The hiking poles are the thing that boosts the weight to the 3 pound level (ever weigh your hiking poles? might as well get double duty out of them)

On our superlightweight Crown Valley outing a couple years back, I used a bivy with no tarp (no threat of rain) and Jim used a light tent. Even with all the extra electronic goodies and a couple liters of water each at the trailhead, we were each in the low 20 pound range. Jim could have been much lighter if he had left the night vision scope at home ;>D!!!

Jim S- Its no fun leaving the NVG at home, and now of course I need a digital camera and a battry powered tooth brush! I _CAN_ go much lighter than I do, but what fun would it be to leave the "Mission hardware" behind? Gasp - what about my fly rod??????????

Anyway I bought a Golite day pack - 2200". Its the "Ray Way' model - supposed to weigh 10.5 oz but weighs 13.5 oz.

My base weight with this pack, my 24 oz sleeping bag, DAM, tarp-tent, water filter and alcohol stove is 12.5 pounds, add food and water. I hang my tent from a catenary curve in a tight cord stretched above the tent. The tie tabs in the center of the top of my tarp tent can come up over the cord and tie, allowing some adjustment of the tension distribution.

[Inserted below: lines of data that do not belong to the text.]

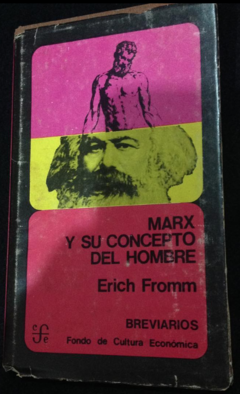Marx y su concepto de hombre - Erich Fromm - Precio Libro - Editorial Fondo de Cultura Económico - ISBN 9789876296274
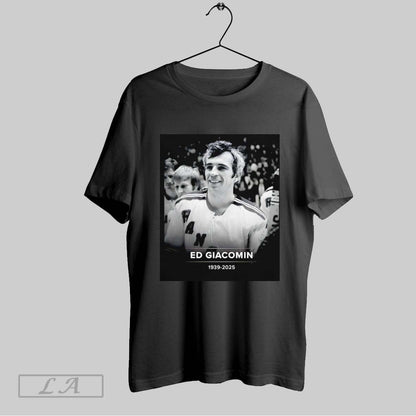 Original Ed Giacomin 1939 2025 Hockey Hall Famer Shirt Stylish Fashion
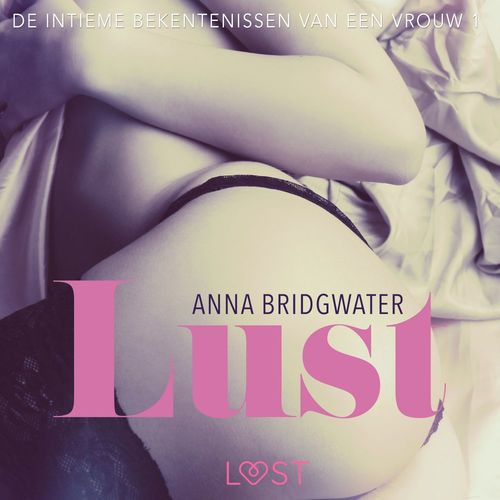 audiobook cover of Lust - de intieme bekentenissen van een vrouw 1, by Anna Bridgwater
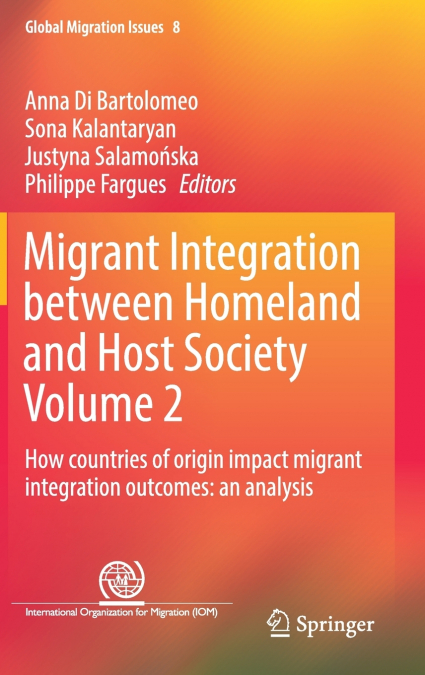 Migrant Integration between Homeland and Host Society Volume 2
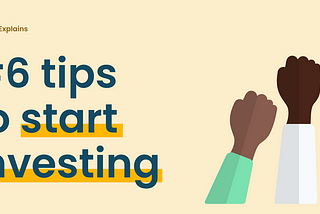 #6 tips to start investing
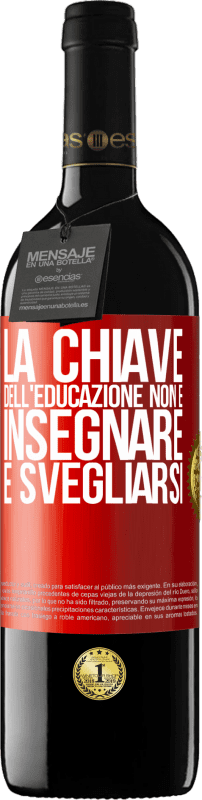 39,95 € Spedizione Gratuita | Vino rosso Edizione RED MBE Riserva La chiave dell'educazione non è insegnare, è svegliarsi Etichetta Rossa. Etichetta personalizzabile Riserva 12 Mesi Raccogliere 2015 Tempranillo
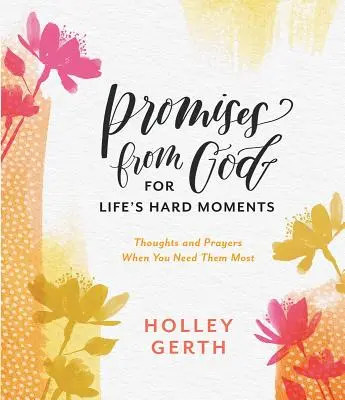 Promesas de Dios para los momentos difíciles de la vida: Pensamientos y oraciones cuando más los necesitas - Promises from God for Life's Hard Moments: Thoughts and Prayers When You Need Them Most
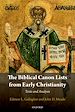 Télécharger le livre :  The Biblical Canon Lists from Early Christianity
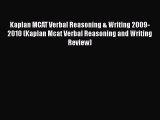[PDF] Kaplan MCAT Verbal Reasoning & Writing 2009-2010 (Kaplan Mcat Verbal Reasoning and Writing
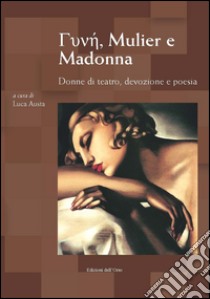 Gunhj, Mulier e Madonna. Donne di teatro, devozione e poesia. Atti del Convegno (Torino, 8-9 marzo 2016). Ediz. multilingue libro di Austa L. (cur.)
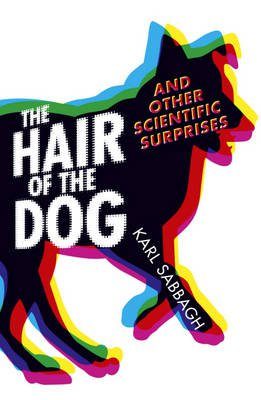 The Hair of the Dog And Other Scientific Surprises NHBS Academic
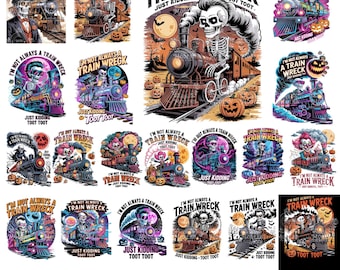 20 Halloween Humor I’m Not Always A Train Wreck Just Kidding Toot Funny PNG, Humor Skeleton Trendy Halloween Png, Spooky Season Png ORIGINAL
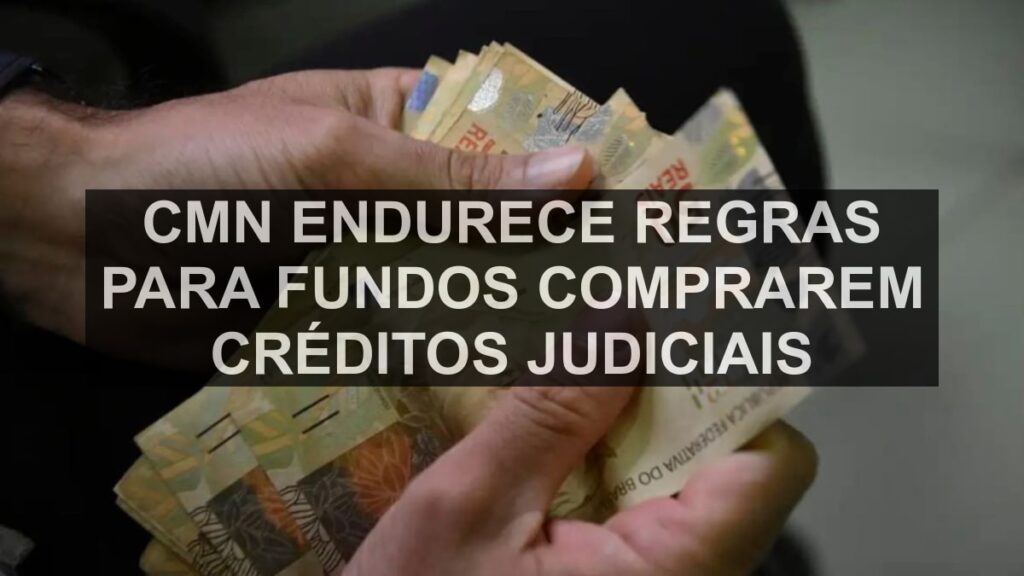 CMN endurece regras para fundos comprarem créditos judiciais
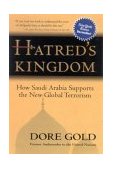 Hatred's Kingdom How Saudi Arabia Supports the New Global Terrorism cover art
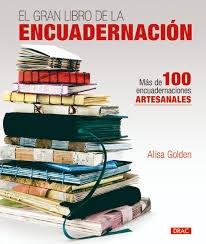 EL GRAN LIBRO DE LA ENCUADERNACIÓN "MÁS DE 100 ENCUADERNACIONES ARTESANALES"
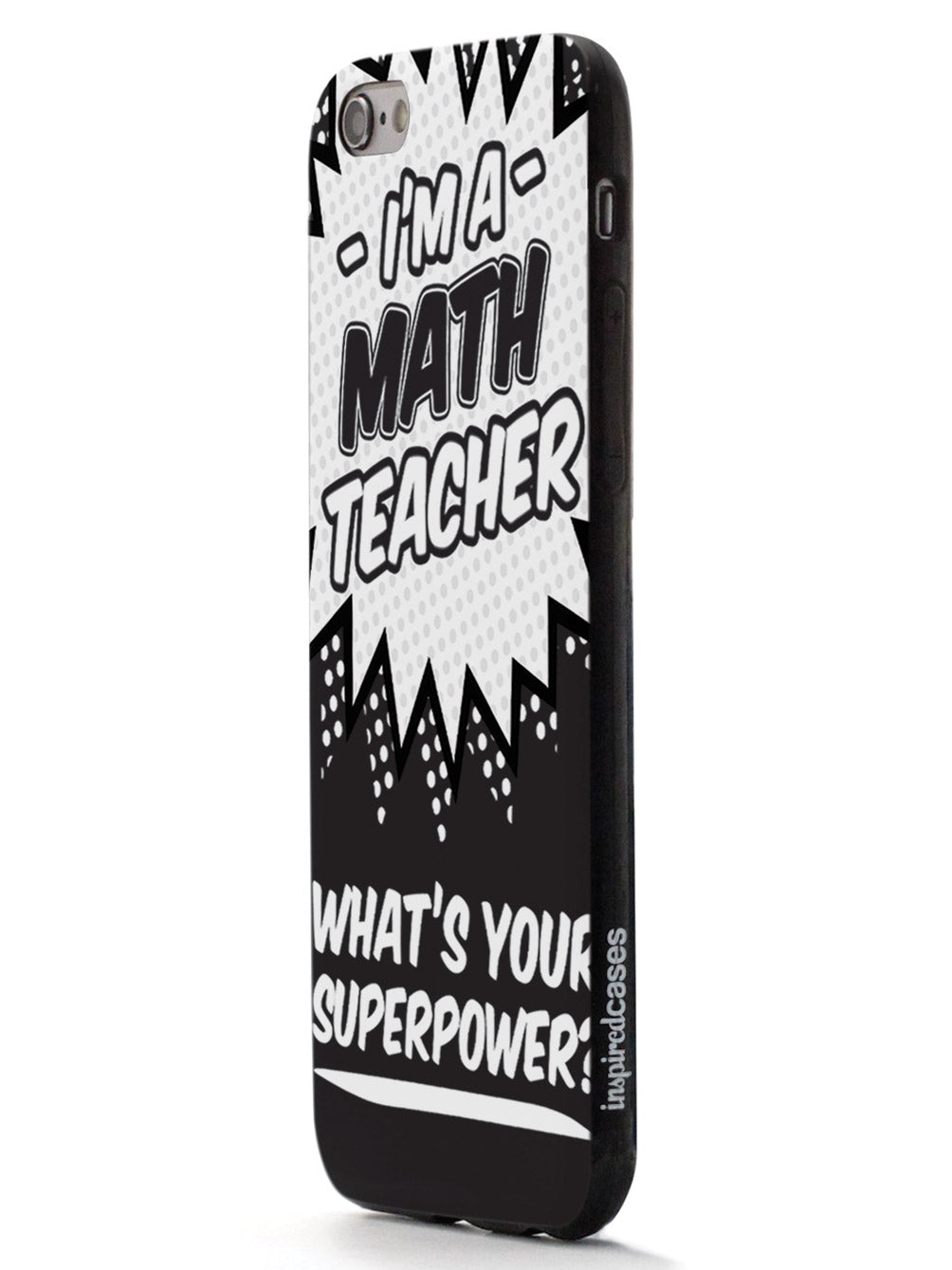 Math Teacher - What's Your Superpower? Case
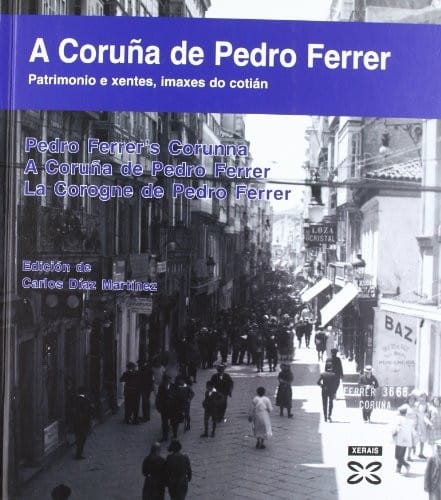 A Coruna De Pedro Ferrer/the Coruna of Pedro Ferrer (Grandes Obras)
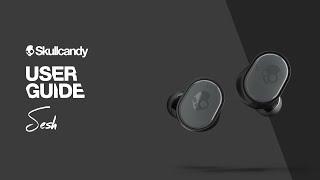 Sesh True Wireless Earbuds | User Guide | Skullcandy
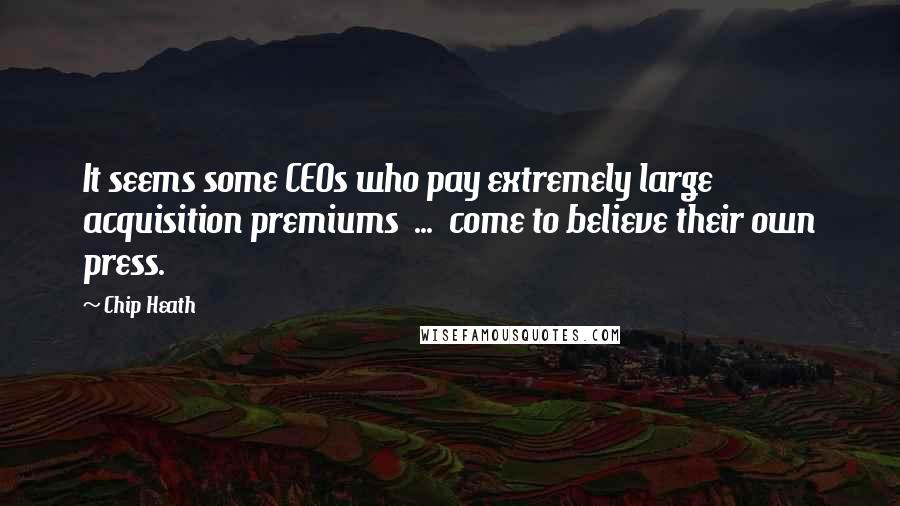 Chip Heath Quotes: It seems some CEOs who pay extremely large acquisition premiums  ...  come to believe their own press.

P.S. a nice mosquito net goes a long way. Look at the "camper's mosquito net" in the campmoor catelog, then buy one. You can tie it from a limb by buggy lake and have a bug free space to hang out. [You can also camp under it with or with out the tarp.]

Jim S (:->)
The pack is pretty awesome, and kind of unstructured with no waist band, but carrying these weights you can get away with a lot.